Ideas for Google Summer of Code/Make a language pair state-of-the-art
Take a released language pair, and drastically improve the performance both in terms of coverage, and in terms of translation quality. This will involve working with dictionaries, transfer rules, scripting, corpora. The objective is to make an Apertium language pair state-of-the-art, or close to state-of-the-art in terms of translation quality. This will involve improving coverage to 95-98% on a range of corpora and decreasing word error rate by 30-50%. For example if the current word error rate is 30%, then it should be reduced to 15-20%.
- Find a language pair of your choice in Apertium and install it. (see Minimal installation from SVN)
- Translate 2,000 words of text (e.g. four articles of 500 words) using Apertium.
- Postedit the translated text to make a reference translation.
- Use two articles ( input text and translated post-edited text ) to improve the translator.
- Add all the words, and cover all the structures with transfer rules.
- Evaluation: calculate the improvement that you were able to make on these two articles, and on your two held out articles.

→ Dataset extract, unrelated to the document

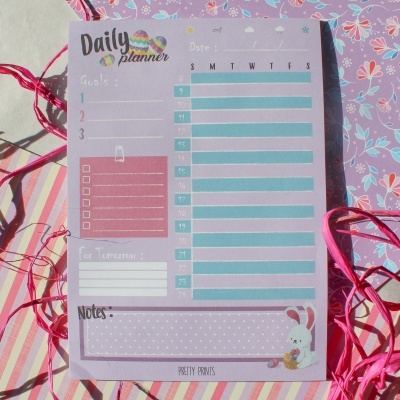 Bloco de notas diário lilás com ilustração de coelho e espaço para metas, turnos e notas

Frequently asked questions
- What if my pair is composed of two popular languages, for instance two official languages of EU?

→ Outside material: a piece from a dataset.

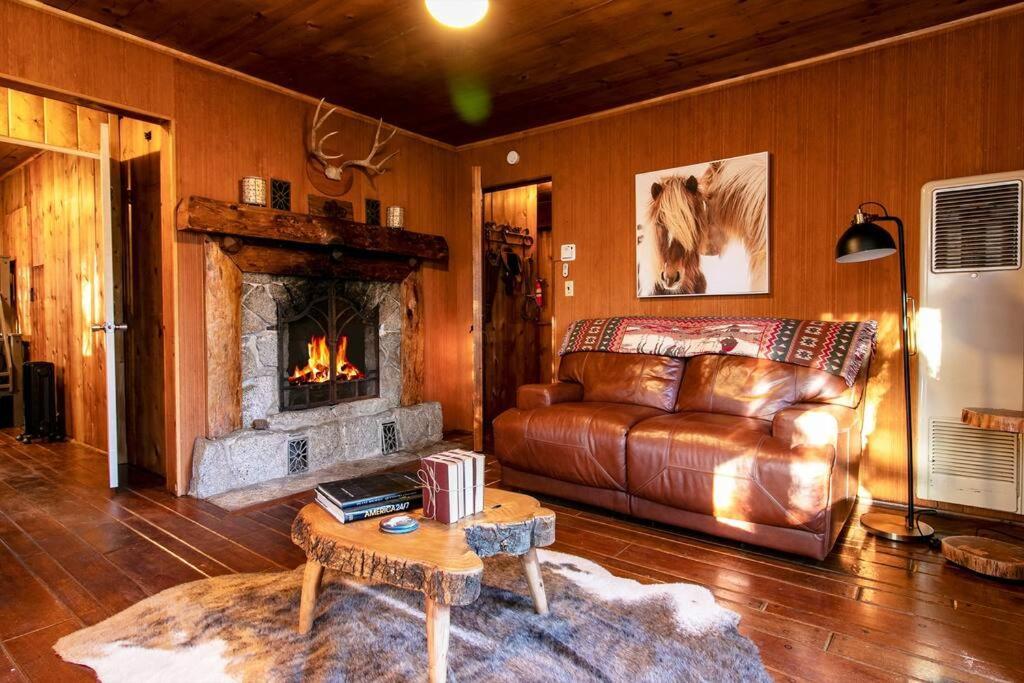 The Lodge At 11 Chimneys Idyllwild Exterior foto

- Then this task will be hard. Pairs which have huge corpora of parallel texts, like the 24 official EU languages or the 3 EU working languages, tend to have very good statistical machine translation software already. Your work will be valuable, and accepted, only if you manage to reach a comparable quality. For instance, if europarl+moses gets a WER of 15-20%, we'd be happy with 25%.
- What happens if I don't reach the expected results?
- It's no big deal! GSoC is a scholarship, not a service contract. If you don't deliver what agreed/expected, you'll fail the final or midterm evaluation and lose the consequent stipend installment(s). At least you tried! And, hopefully, learnt a lot in the process.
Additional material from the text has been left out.